Metadata-Version: 2.1
Name: matchtext
Version: 0.2.2
Summary: Fast text/token matching and replacement
Home-page: https://github.com/johann-petrak/matchtext
Author: Johann Petrak
Author-email: johann.petrak@gmail.com
License: apache
Project-URL: Documentation, https://github.com/johann-petrak/matchtext
Description: # Python matchtext
        
        
        [![PyPi version](https://img.shields.io/pypi/v/matchtext.svg)](https://pypi.python.org/pypi/matchtext/)
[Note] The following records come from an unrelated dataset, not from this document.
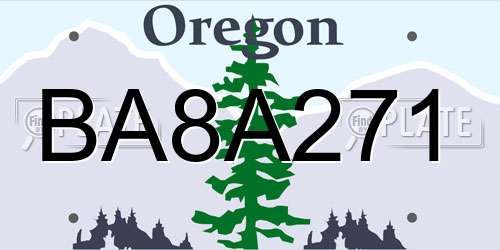BA8A271 Oregon License Plate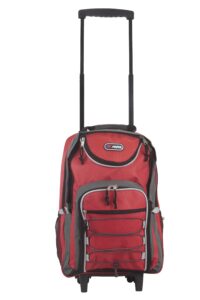 new york xpress double handle rolling backpack with mesh/multi-pockets (red)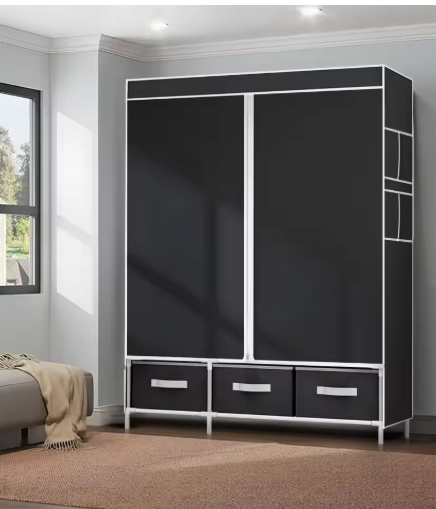 New Upgrade Portable Wardrobe Clothes Organizer for Home Bedroom Clothes Closet with 3 Drawers and 4 Shelves Clothes Storage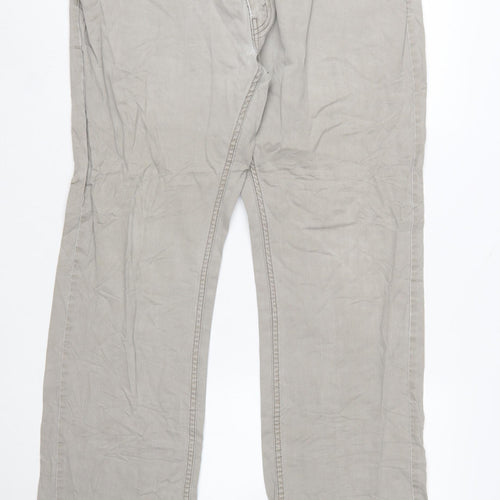 Levi Strauss Men's Beige Straight Fit Jeans 36W 34L Cotton Denim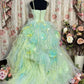 Sweet Prom Dress Spaghetti Straps Ruffle Pleated Ball Gown Evening Dress Masquerade Ball D2473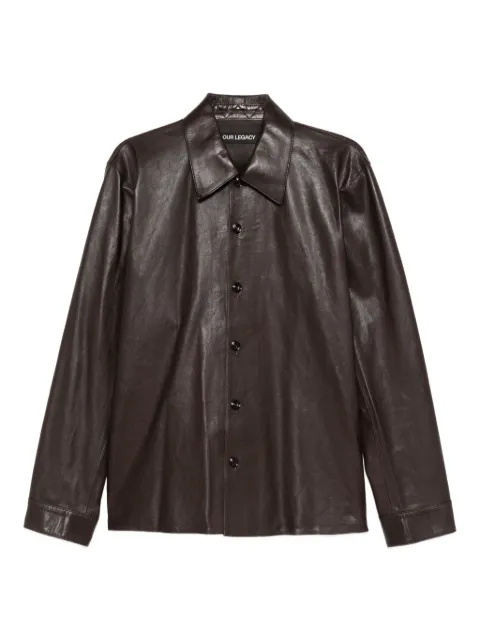 OUR LEGACY leather overshirt Brown M4259WU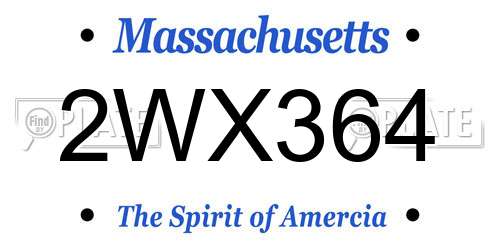 2WX364 Massachusetts License Plate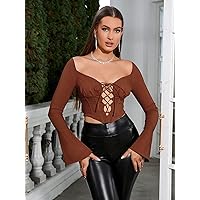 Women's Tops Sexy Tops for Women Shirts Lace Up Front Flounce Sleeve Crop Top Shirts for Women (Color : Rust Brown, Size : Medium)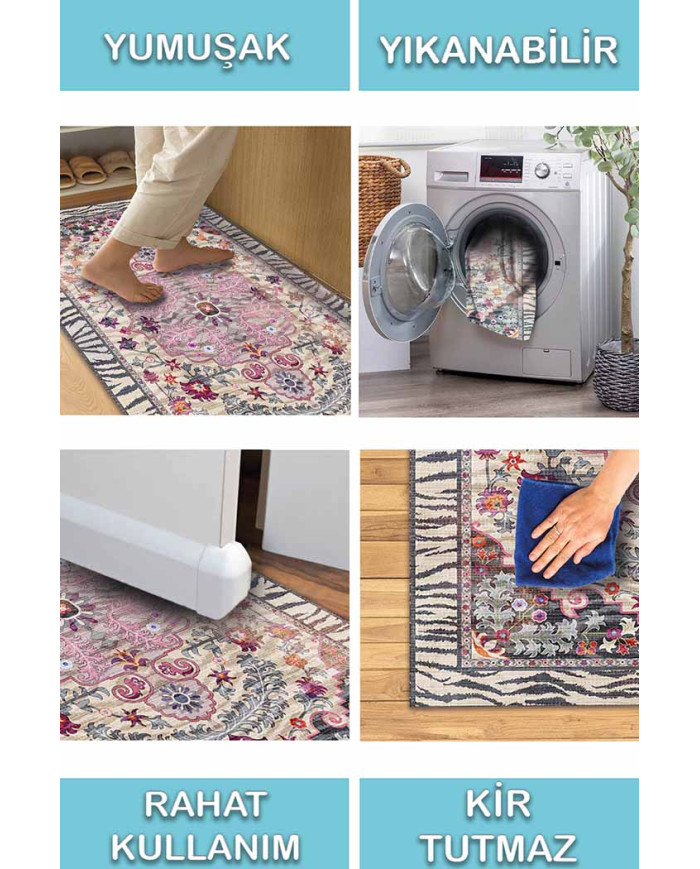 Despinax Pamuk Tabanlı Yıkanabilen Kaydırmaz Antibakteriyel Şönil Salon Halısı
        [![Python compatibility](https://img.shields.io/pypi/pyversions/matchtext.svg)](https://pypi.python.org/pypi/matchtext/)
        
        
        **NOTE: at the moment this is still very much in development and large parts are not implemented yet!**
        
        Python 3 package for fast text matching and replacing.
        
        This library implements two fast approaches for matching keywords/gazetteer entries:
        * TokenMatcher: keywords/gazetteer entries are sequences of tokens, optionally associated with some data and 
          the matcher tries to match any of those in a given sequence of tokens. 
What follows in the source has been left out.